Conocés perfectamente qué tenés que hacer para terminar con tus dramas. Más ejercicios, vida sana y abandonar esos gustitos; al menos hasta que tus niveles alarmantes te liberen para algún que otro permitido. Pero, ojo, siempre recordando por la desdicha que pasaste.

El discurso de Luis Caputo fue el de tu médico. Te dijo exactamente todo lo que sabías y no querías escuchar. Buscabas que te endulzaran los oídos como en los últimos 20 años. Y no. Quizá ahora entiendas que la pizza era muy barata y que estabas consumiendo chocolates berretas.

La duda es determinar si aún estás a tiempo de recuperarte. La receta es la correcta. La única. Es atacar las causas, como dijo el ministro de Economía.
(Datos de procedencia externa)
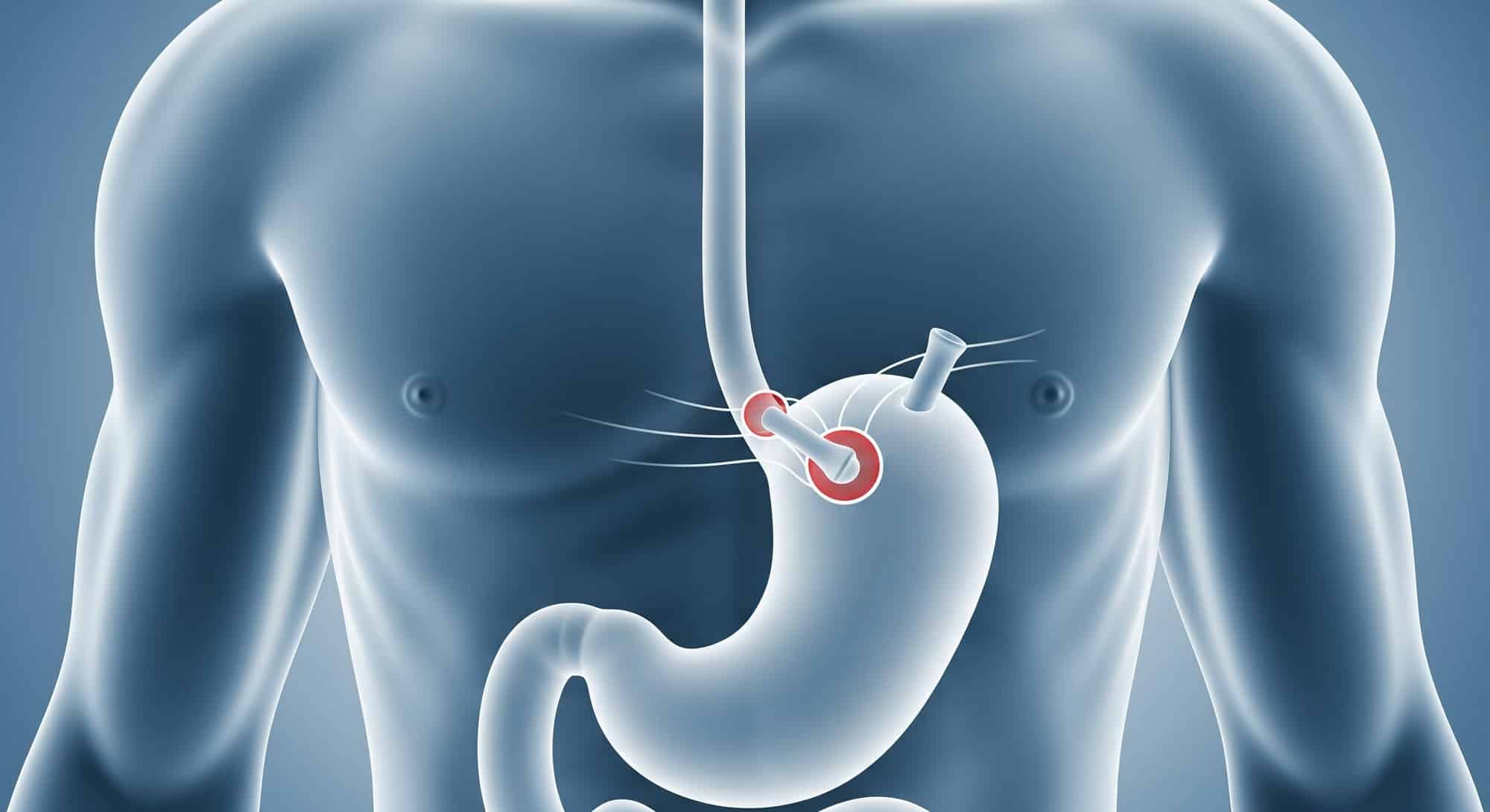 Medical illustration of RefluxStop implant correcting GERD by stabilizing the upper stomach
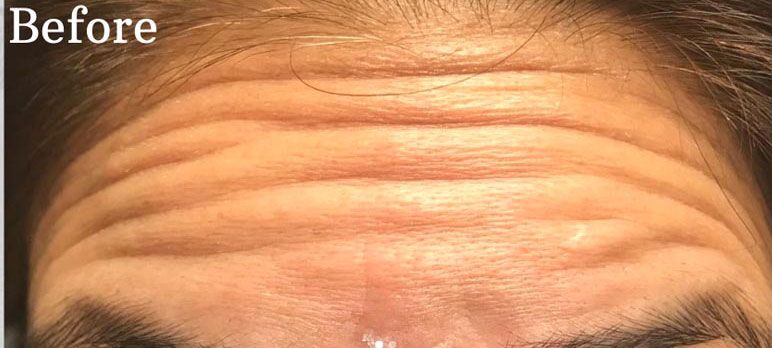 Botox | Broward ENT Services Broward ENT Services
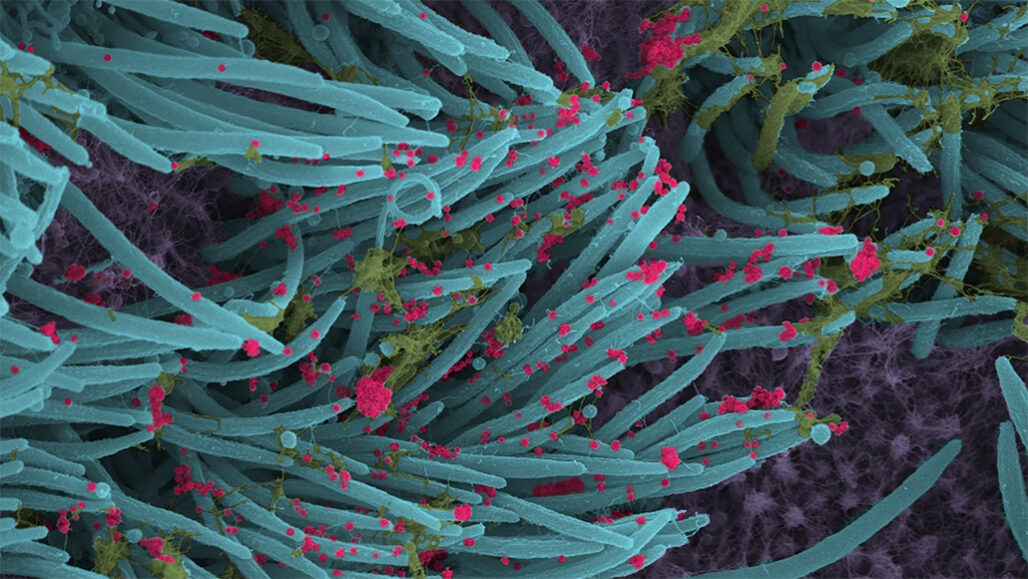 false-color microscope image of small virus particles on a lung cell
El tema pasa por ver qué tan dañadas están tus arterias.

Las cuentas del país se asemejan a la vida cotidiana. A veces es necesario usar ejemplos del llano para comprenderlas de manera cabal. Todo lo demás es verso de falsos mesías o exégetas que se paran desde un umbral de impunidad, a sabiendas de que nadie los juzgará o cuestionará por sus análisis complejos y, con frecuencia, desacertados.

Las medidas anunciadas gozan –lamentablemente es así- de absoluta coherencia. Es un sincericidio político en un país acostumbrado a relatos demagógicos y que, fieles a los manuales del populismo, buscaban enemigos imaginarios para lavar allí las culpas propias. En otras palabras: nadie te obligó a comerte una docena de medialunas por día.

Lo hiciste porque quisiste; porque pensabas que no iba a pasar nada y porque, después de tanto tiempo, se había convertido en una adicción.

Así le pasó a la Argentina, con diferentes modelos. Desde la convertibilidad y el uno a uno al compre, compre, que total, tarde o temprano, el Estado te tirará un salvavidas. El problema es que el Estado somos todos. Y la fiesta, que supuestamente era gratis, salió carísima. Peor aún: los únicos que no pudieron entrar y disfrutar al menos un rato, seguirán viéndola de afuera, cada vez más. Por eso es lógico que, entre los dichos de Caputo, aparezcan asistencias para los más relegados.

Fue un mensaje directo a los gerentes de la pobreza. A los gremialistas millonarios a costa de trabajadores pobres. A los partidos de Izquierda que buscan la violencia social. A los que hicieron de los piquetes una empresa rentable a fuerza de extorsionar a los más necesitados. A los empresarios prebendarios. A las contrataciones truchas para financiar las cajas políticas. A los ñoquis y a los acomodados. A las universidades sin antecedentes académicos que son pantallas de cajas monstruosas. A todos ellos, se les cortó el chorro. O al menos el relato pasó por ahí.

Caputo no se alejó ni un centímetro de lo prometido por Javier Milei en campaña. Fue lo que lo llevó a ganar el balotaje con el 56 por ciento de los votos. Una propuesta disruptiva. Dijo lo que iba a hacer, que el ajuste sería brutal, y aún así le ganó al mejor vendedor de autos usados; al que lo lavó y lo lustró sabiendo que por adentro estaba fundido.

Pero, en este caso, el médico tendrá que convivir con el paciente. Tendrá que educar con el ejemplo. No hay espacio para ningún desliz. Porque más allá de la perorata de la casta, el éxito o no de estas medidas dependerá de un gobierno que deberá ser coherente hasta en el mínimo detalle. Si realmente quiere a una sociedad dispuesta a hacer el sacrificio, tendrá mostrar el camino. Y recorrerlo a la par.